#### Assignment
For the records below, print the lines from the line with "What is going on" through the line with "That brings us" exactly as written; include both end lines and exclude the rest.

======== Input records ========

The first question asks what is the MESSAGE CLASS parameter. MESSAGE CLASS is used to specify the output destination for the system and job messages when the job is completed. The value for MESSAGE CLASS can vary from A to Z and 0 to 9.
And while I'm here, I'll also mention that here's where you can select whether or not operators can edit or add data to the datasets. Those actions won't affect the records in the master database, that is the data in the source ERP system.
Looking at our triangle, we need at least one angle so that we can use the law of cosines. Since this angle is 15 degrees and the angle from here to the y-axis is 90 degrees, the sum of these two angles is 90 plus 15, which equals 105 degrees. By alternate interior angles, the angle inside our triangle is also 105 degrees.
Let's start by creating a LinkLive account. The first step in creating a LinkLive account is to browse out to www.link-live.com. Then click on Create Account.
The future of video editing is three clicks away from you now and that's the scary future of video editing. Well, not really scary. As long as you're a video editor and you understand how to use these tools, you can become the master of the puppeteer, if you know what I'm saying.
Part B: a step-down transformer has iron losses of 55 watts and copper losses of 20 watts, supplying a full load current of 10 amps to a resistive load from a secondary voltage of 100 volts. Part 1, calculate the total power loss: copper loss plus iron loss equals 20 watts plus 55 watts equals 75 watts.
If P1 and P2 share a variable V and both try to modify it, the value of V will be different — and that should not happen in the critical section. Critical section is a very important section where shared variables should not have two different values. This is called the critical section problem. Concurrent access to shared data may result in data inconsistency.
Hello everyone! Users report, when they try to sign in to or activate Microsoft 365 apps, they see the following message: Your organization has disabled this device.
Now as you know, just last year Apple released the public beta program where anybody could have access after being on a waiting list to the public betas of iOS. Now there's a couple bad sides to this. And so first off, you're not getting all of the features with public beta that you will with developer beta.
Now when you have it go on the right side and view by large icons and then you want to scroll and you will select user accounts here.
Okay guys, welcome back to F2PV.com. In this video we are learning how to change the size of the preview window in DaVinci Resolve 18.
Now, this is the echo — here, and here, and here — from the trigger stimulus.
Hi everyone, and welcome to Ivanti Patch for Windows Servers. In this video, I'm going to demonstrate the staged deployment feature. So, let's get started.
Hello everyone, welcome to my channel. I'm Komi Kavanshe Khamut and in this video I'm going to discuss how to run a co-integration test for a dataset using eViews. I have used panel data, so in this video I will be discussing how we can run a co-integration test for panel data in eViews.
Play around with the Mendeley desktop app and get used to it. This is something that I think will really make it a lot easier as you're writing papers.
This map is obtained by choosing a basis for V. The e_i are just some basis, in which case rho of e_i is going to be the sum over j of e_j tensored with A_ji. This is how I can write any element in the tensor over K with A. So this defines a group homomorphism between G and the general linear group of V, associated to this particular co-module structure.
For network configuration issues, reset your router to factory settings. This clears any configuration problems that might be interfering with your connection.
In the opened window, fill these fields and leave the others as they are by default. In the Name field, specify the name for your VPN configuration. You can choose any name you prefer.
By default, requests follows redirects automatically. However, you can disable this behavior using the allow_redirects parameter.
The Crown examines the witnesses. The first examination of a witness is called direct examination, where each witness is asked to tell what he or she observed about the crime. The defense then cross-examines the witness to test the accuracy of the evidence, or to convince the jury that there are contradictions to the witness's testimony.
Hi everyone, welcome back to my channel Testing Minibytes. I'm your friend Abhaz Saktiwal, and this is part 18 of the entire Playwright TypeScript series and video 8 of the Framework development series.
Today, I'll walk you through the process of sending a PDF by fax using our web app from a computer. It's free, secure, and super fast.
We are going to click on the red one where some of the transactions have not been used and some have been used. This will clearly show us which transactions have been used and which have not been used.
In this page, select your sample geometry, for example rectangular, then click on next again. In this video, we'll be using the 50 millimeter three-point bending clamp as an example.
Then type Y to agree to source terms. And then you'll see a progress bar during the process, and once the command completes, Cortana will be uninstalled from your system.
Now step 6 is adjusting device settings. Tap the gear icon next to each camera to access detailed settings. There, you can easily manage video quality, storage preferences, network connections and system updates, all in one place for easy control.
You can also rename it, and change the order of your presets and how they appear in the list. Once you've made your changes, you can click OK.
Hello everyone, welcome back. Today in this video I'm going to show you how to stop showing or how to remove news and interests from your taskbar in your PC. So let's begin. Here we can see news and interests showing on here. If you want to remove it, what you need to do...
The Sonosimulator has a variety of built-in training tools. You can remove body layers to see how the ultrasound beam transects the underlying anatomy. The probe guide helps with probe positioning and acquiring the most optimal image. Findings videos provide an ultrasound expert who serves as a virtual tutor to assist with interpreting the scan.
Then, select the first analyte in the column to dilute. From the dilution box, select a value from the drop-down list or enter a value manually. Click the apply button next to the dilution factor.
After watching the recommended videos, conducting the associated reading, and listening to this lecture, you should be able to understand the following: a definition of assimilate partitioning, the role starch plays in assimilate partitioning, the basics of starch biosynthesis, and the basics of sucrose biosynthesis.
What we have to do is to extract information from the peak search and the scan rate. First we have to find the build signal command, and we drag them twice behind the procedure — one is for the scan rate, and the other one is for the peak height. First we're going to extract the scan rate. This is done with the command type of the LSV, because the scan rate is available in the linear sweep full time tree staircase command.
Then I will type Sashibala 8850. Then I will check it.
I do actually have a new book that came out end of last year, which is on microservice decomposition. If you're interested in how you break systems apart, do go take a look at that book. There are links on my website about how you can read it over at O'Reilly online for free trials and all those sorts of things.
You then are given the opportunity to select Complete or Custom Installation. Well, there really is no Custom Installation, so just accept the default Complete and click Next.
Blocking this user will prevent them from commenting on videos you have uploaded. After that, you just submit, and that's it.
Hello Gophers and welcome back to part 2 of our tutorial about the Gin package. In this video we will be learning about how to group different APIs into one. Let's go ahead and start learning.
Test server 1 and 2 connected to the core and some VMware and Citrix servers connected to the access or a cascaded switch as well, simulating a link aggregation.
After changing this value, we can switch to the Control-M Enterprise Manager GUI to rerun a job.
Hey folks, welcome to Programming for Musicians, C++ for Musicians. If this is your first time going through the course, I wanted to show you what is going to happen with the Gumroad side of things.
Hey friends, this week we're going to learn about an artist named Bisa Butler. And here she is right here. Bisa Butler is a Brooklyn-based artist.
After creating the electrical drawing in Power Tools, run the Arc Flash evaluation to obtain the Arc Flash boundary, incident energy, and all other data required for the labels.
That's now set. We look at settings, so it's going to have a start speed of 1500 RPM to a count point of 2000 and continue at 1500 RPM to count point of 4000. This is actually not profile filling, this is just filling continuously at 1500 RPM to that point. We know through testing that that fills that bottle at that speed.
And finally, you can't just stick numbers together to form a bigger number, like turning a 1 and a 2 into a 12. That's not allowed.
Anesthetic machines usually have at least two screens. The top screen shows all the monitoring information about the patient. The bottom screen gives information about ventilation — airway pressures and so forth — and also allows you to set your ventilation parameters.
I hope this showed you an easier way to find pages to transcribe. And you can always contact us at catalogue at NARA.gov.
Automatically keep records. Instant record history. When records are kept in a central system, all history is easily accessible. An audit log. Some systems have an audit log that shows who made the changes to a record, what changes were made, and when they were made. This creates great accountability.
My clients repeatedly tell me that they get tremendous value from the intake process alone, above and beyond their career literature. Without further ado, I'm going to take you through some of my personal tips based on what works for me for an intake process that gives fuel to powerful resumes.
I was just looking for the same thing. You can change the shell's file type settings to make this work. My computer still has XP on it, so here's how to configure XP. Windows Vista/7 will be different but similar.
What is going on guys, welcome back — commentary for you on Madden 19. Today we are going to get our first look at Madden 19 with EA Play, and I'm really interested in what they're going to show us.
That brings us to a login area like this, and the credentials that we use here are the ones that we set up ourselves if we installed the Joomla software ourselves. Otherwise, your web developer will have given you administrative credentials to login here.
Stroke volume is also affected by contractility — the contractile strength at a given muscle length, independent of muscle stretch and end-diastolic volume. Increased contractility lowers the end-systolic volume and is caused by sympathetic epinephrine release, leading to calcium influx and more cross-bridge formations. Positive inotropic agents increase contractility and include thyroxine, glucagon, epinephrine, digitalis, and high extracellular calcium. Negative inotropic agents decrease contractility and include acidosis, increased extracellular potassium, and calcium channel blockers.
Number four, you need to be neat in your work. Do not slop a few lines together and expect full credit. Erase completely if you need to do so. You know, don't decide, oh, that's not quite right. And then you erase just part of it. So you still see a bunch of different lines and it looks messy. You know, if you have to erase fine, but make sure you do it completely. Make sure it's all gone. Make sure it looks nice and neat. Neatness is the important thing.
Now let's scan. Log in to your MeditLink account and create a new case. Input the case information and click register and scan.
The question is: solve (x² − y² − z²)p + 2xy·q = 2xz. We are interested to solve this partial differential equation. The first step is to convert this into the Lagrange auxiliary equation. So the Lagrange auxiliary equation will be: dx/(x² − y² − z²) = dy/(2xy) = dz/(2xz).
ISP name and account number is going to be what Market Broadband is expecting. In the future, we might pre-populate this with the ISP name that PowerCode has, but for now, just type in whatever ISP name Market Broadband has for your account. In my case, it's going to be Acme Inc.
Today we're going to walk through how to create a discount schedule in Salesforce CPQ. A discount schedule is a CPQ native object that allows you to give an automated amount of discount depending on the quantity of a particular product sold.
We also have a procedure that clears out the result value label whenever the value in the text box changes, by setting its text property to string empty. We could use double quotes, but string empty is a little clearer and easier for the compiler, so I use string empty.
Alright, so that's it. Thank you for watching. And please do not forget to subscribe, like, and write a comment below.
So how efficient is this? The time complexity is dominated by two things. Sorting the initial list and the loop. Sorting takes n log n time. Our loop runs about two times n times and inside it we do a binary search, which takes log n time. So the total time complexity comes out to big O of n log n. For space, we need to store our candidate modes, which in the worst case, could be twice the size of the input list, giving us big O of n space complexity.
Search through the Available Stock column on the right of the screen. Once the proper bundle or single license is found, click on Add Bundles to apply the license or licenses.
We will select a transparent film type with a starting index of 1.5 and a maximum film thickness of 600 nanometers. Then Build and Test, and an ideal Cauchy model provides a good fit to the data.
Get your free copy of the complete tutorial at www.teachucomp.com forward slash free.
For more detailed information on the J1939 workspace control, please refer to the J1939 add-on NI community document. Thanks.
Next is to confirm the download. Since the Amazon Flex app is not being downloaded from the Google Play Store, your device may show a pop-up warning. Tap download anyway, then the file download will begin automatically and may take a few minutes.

========

#### Result of the exercise
What is going on guys, welcome back — commentary for you on Madden 19. Today we are going to get our first look at Madden 19 with EA Play, and I'm really interested in what they're going to show us.
That brings us to a login area like this, and the credentials that we use here are the ones that we set up ourselves if we installed the Joomla software ourselves. Otherwise, your web developer will have given you administrative credentials to login here.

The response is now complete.